2016 International Civil Society Week Recap
I arrived at International Civil Society Week 2016 in Bogota, Colombia full of expectations and open anticipation. Expectations for learning and growth, as well as performance, as I joined seven Melton Fellows in presenting a workshop to this diverse and dynamic international gathering. I maintained open anticipation, as I know these events always foster a je ne sais quoi for which one simply cannot prepare.
As the week started, it was comforting and surreal to be surrounded by hundreds of global colleagues, each working individually and in cooperation towards a more just, equitable, sustainable world. It occurred to me that though it was a created context—one that would not organically happen in one’s daily life—it was an experience from which all people would benefit from having experienced. At once, I felt powerful and connected, as well as small and limited. The task ahead was so large, so powerful; yet, so was the promise held in this room.
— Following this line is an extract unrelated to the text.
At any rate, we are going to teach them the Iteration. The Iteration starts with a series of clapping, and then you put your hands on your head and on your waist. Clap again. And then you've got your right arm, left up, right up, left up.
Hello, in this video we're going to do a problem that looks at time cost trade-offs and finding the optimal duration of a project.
I participated with pride as I watched our delegation present a successful workshop. Eight Melton Fellows (1 Junior; 7 Senior, including 3 staff) originating from 5 nations, having worked together online for a period of weeks, inspired and connected global activists and leaders. This was successful Global Citizenship in the flesh!
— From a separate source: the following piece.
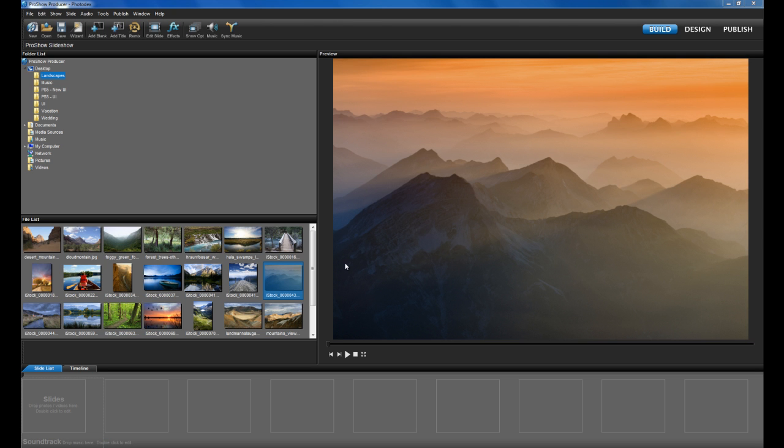Welcome everybody, today we're going to take a look at some of the new updates to the ProShow 5 user interface. We've made hundreds of improvements, including bigger previews, new effects, and new UI workspaces. Be sure to check out our website for a full list of what's new. Now let's get started.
Of particular inspiration was the question of how to use art to “empower citizens and activists for transition.” Many examples of art as a driver of social change were presented, including Margaret Rose, Trinidad and Tobago native. A practicing attorney and gifted musician, Ms. Rose performed her powerful song which won the international “Set Them Free” competition, aimed at promoting the freeing of political prisoners. “Art has the power to move us, to catalyze us, to make us realize we are one,” she said.
A dynamic presentation from the Rhize Foundation challenged those in leadership to connect with youth as more than token representatives of social changes. As a Melton Fellow, I connected to the belief that youth are important and necessary leaders in the process of improving our collective well-being. It reinforced my pride to be part of the Melton Foundation, and provided an opportunity to learn about research-based ways in which true youth leadership can be fostered and supported.
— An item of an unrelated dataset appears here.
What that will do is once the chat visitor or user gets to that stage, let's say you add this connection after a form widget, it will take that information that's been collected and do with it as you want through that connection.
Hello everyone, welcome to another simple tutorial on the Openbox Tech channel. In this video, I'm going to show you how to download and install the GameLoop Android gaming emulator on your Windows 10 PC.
I also had the opportunity to mentor a young woman from South Africa, currently living in Venezuela. Sibongile had recently awakened to a sense of purpose and potential, as well as to her own power to impact change in how gender, race and sexuality intersect in her home culture. It did not seem so long ago that my own vocational and avocational passions were being fanned into flame, and I was proud to serve as a small light along the way of her path.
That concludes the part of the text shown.